There was however substantial interest within the U.S. in standardizing
an information retrieval protocol, and the LSP Information Retrieval protocol
was submitted to ANSI/NISO, who formed a committee that prepared it for
ballot, in 1984, when it was given the designation "Z39.50", as it is known
today. (NISO was formerly named Z39, and continues to use that designation
for its standards.) The 1984 ballot failed within NISO, for reasons beyond the
scope of this paper (primarily because it was not yet sufficiently well-
developed). There was significant further development over the next three
years; Z39.50 was re-balloted in 1987, this time successfully, and was
approved by ANSI in 1988.
Independently, in 1984, a work item was approved in ISO for a "Search
and Retrieve" protocol, called SR. There were several drafts of the SR
standard between 1984 and 1991 when it was finally approved. As difficult as
it was to achieve consensus on Z39.50 in the U.S., it was more difficult to
achieve international consensus on SR, because of the various conflicting
national interests represented. Of course the U.S. input was influenced by
Z39.50, which was not entirely stable during the period of SR development. The
result was that several incompatibilities remained between SR and the 1988
version of Z39.50.
GILS, the Government Information Locator Service, is a response to the need for users to identify and locate publicly available Federal information resources. The GILS Profile provides the specifications for the overall GILS application, including the GILS "Core" data elements that comprise a GILS record describing an information resource, and the use of Z39.50 to search and retrieve GILS records.
ATS Profile
The "Author-Title-Subject" profile aims to improve the reliability of
Z39.50 search results. When a client requests, for example, an author search,
the intent of the ATS profile is that the server will execute the search based
on its concept of author. If the server does not support an author search, it
should not re-cast the search, substituting some attribute other than author,
without the client's knowledge and consent. Neither should the server treat
the inability to perform a search as a successful search with no results.

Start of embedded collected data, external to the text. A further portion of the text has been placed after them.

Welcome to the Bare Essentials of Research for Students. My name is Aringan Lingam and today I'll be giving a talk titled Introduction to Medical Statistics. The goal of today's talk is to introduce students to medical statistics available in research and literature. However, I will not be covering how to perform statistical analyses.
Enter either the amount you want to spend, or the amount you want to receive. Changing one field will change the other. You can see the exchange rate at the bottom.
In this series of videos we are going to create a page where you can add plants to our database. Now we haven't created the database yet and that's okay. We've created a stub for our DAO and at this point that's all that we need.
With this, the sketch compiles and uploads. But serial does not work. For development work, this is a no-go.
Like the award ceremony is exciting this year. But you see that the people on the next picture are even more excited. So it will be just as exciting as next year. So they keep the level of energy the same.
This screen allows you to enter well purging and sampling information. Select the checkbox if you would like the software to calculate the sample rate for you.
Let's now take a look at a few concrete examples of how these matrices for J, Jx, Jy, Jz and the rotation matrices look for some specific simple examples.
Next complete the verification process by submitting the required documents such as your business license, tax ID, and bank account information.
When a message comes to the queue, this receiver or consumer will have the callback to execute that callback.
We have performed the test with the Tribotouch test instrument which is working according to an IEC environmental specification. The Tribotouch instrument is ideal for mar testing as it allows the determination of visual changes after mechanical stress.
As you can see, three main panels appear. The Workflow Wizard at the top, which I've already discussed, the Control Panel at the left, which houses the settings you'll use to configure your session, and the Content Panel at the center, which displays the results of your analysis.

The profile specifies the use of bib-1 within a type-1 query for
searching by author, title, or subject, to provide basic search access to
bibliographic databases.
WAIS Profile
The WAIS (Wide Area Information Servers) profile specifies rules for access to WAIS servers supporting Z39.50 version 2.
Collections Profile
In August, 1995, the Library of Congress convened a team of
representatives from several institutions to develop a Z39.50 profile for
access to digital libraries. Participating organizations included Getty,
Berkeley, University of Michigan, University of California, OCLC, LC, RLG,
Chemical Abstracts Service, IBM, FCLA, TRW, Knight Ridder, SilverPlatter, as
well as consultants and liaisons.
The scope was narrowed to apply to navigation of digital collections,
and was named the Z39.50 Profile for Access to Digital Collections
(Collections Profile). The larger problem of access to digital libraries was
left to the province of other profiling efforts, including CIMI and the
Digital Library Object profiles described below. Other groups were
initiating independent efforts to develop profiles aimed at specific types of
objects and collections. The intention was to coordinate these
efforts and that these latter profiles would be developed as compatible
extensions or subsets of the Collections profile.
The profile aims to address the problem faced by libraries and other
institutions who create collections, organized thematically -- by subject,
creator, historical period, etc.-- with numerous, diverse objects, both
digital and physical. These collections are often organized hierarchically and
distributed across servers. Significant resources may be invested in
digitization and in the intellectual efforts of aggregation, organization, and
description of the information in a collection. Yet to a remote user or
client, the collection may appear to be simply an accumulation of objects and
undifferentiated data, because there is no agreed-upon semantics for
navigating the collection, to locate and retrieve objects of interest.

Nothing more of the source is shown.